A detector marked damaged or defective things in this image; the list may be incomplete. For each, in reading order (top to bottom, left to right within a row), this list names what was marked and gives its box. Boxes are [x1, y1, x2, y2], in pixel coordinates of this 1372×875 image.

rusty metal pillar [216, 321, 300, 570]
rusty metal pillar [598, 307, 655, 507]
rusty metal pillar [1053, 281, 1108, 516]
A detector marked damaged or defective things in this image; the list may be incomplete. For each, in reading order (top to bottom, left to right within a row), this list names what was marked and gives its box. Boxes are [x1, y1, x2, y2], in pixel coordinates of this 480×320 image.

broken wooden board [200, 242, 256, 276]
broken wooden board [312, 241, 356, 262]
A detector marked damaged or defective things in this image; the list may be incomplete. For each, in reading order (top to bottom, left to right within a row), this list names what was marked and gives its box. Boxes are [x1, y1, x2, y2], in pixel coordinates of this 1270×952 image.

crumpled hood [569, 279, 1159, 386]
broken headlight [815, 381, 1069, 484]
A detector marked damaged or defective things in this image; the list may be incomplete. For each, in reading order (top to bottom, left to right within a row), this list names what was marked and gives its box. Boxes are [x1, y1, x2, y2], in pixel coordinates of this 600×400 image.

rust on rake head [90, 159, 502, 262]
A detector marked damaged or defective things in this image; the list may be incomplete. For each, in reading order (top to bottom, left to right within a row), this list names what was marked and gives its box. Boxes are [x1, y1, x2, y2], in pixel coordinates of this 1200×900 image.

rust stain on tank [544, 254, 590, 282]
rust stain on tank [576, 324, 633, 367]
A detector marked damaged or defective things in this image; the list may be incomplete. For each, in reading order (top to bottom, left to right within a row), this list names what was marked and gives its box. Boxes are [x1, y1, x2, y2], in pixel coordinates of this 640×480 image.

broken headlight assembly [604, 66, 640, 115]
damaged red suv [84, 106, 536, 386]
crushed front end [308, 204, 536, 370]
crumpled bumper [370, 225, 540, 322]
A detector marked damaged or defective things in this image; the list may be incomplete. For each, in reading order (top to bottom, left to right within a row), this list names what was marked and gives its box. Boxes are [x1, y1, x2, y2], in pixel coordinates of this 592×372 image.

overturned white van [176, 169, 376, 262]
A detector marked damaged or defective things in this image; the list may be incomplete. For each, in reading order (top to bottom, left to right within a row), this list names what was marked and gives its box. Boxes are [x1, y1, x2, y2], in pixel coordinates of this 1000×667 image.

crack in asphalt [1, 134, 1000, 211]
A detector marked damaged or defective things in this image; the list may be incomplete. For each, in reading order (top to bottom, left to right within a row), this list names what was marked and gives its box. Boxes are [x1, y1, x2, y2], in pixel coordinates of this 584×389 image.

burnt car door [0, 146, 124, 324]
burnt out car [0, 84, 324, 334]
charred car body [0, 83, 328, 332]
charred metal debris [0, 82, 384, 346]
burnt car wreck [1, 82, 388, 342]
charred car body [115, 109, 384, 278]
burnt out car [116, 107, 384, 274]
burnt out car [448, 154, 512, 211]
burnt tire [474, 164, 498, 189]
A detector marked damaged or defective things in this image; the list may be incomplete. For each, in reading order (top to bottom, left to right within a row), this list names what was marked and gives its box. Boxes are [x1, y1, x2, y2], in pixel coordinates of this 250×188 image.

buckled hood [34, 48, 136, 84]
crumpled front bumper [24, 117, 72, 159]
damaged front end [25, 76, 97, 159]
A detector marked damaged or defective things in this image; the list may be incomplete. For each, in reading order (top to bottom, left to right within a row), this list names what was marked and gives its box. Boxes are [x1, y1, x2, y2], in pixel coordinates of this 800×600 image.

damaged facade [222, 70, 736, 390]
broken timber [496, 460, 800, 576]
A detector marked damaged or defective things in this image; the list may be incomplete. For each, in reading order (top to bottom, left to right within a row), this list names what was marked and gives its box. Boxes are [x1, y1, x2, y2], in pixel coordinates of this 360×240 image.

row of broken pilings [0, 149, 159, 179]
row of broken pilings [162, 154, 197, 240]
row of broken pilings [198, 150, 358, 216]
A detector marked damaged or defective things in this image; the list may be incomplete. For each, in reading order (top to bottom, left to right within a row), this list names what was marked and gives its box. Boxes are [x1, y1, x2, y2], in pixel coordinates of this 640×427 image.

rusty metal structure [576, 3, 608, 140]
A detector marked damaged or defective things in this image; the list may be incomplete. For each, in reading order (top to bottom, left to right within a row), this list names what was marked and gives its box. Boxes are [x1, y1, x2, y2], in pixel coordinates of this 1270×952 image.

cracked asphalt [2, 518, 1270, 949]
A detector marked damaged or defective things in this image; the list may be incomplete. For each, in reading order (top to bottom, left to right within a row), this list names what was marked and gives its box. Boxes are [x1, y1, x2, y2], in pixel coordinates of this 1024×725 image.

★ ★ ★

WHAT YOU ARE ASKED TO DO:
Exactly as written above, copy out all the records.

SOLUTION TO THIS PROBLEM:
A detector marked damaged or defective things in this image; the list may be incomplete. For each, in reading order (top to bottom, left to right within a row), this list names what was marked and gives its box. Boxes are [x1, y1, x2, y2], in pixel coordinates of this 1372×875 image.

rusty metal pillar [216, 321, 300, 570]
rusty metal pillar [598, 307, 655, 507]
rusty metal pillar [1053, 281, 1108, 516]
A detector marked damaged or defective things in this image; the list may be incomplete. For each, in reading order (top to bottom, left to right within a row), this list names what was marked and gives its box. Boxes are [x1, y1, x2, y2], in pixel coordinates of this 480×320 image.

broken wooden board [200, 242, 256, 276]
broken wooden board [312, 241, 356, 262]
A detector marked damaged or defective things in this image; the list may be incomplete. For each, in reading order (top to bottom, left to right within a row), this list names what was marked and gives its box. Boxes are [x1, y1, x2, y2], in pixel coordinates of this 1270×952 image.

crumpled hood [569, 279, 1159, 386]
broken headlight [815, 381, 1069, 484]
A detector marked damaged or defective things in this image; the list may be incomplete. For each, in reading order (top to bottom, left to right within a row), this list names what was marked and gives its box. Boxes are [x1, y1, x2, y2], in pixel coordinates of this 600×400 image.

rust on rake head [90, 159, 502, 262]
A detector marked damaged or defective things in this image; the list may be incomplete. For each, in reading order (top to bottom, left to right within a row), this list names what was marked and gives its box. Boxes are [x1, y1, x2, y2], in pixel coordinates of this 1200×900 image.

rust stain on tank [544, 254, 590, 282]
rust stain on tank [576, 324, 633, 367]
A detector marked damaged or defective things in this image; the list may be incomplete. For each, in reading order (top to bottom, left to right within a row), this list names what was marked and gives its box. Boxes are [x1, y1, x2, y2], in pixel coordinates of this 640×480 image.

broken headlight assembly [604, 66, 640, 115]
damaged red suv [84, 106, 536, 386]
crushed front end [308, 204, 536, 370]
crumpled bumper [370, 225, 540, 322]
A detector marked damaged or defective things in this image; the list may be incomplete. For each, in reading order (top to bottom, left to right within a row), this list names what was marked and gives its box. Boxes are [x1, y1, x2, y2], in pixel coordinates of this 592×372 image.

overturned white van [176, 169, 376, 262]
A detector marked damaged or defective things in this image; the list may be incomplete. For each, in reading order (top to bottom, left to right within a row), this list names what was marked and gives its box. Boxes are [x1, y1, x2, y2], in pixel coordinates of this 1000×667 image.

crack in asphalt [1, 134, 1000, 211]
A detector marked damaged or defective things in this image; the list may be incomplete. For each, in reading order (top to bottom, left to right within a row), this list names what was marked and gives its box. Boxes are [x1, y1, x2, y2], in pixel coordinates of this 584×389 image.

burnt car door [0, 146, 124, 324]
burnt out car [0, 84, 324, 334]
charred car body [0, 83, 328, 332]
charred metal debris [0, 82, 384, 346]
burnt car wreck [1, 82, 388, 342]
charred car body [115, 109, 384, 278]
burnt out car [116, 107, 384, 274]
burnt out car [448, 154, 512, 211]
burnt tire [474, 164, 498, 189]
A detector marked damaged or defective things in this image; the list may be incomplete. For each, in reading order (top to bottom, left to right within a row), this list names what was marked and gives its box. Boxes are [x1, y1, x2, y2], in pixel coordinates of this 250×188 image.

buckled hood [34, 48, 136, 84]
crumpled front bumper [24, 117, 72, 159]
damaged front end [25, 76, 97, 159]
A detector marked damaged or defective things in this image; the list may be incomplete. For each, in reading order (top to bottom, left to right within a row), this list names what was marked and gives its box. Boxes are [x1, y1, x2, y2], in pixel coordinates of this 800×600 image.

damaged facade [222, 70, 736, 390]
broken timber [496, 460, 800, 576]
A detector marked damaged or defective things in this image; the list may be incomplete. For each, in reading order (top to bottom, left to right within a row), this list names what was marked and gives its box. Boxes are [x1, y1, x2, y2], in pixel coordinates of this 360×240 image.

row of broken pilings [0, 149, 159, 179]
row of broken pilings [162, 154, 197, 240]
row of broken pilings [198, 150, 358, 216]
A detector marked damaged or defective things in this image; the list may be incomplete. For each, in reading order (top to bottom, left to right within a row), this list names what was marked and gives its box. Boxes are [x1, y1, x2, y2], in pixel coordinates of this 640×427 image.

rusty metal structure [576, 3, 608, 140]
A detector marked damaged or defective things in this image; the list may be incomplete. For each, in reading order (top to bottom, left to right within a row), this list names what was marked and gives its box. Boxes are [x1, y1, x2, y2], in pixel coordinates of this 1270×952 image.

cracked asphalt [2, 518, 1270, 949]
A detector marked damaged or defective things in this image; the list may be incomplete. For each, in reading order (top to bottom, left to right within a row), this list names what was marked and gives its box. Boxes are [x1, y1, x2, y2], in pixel coordinates of this 1024×725 image.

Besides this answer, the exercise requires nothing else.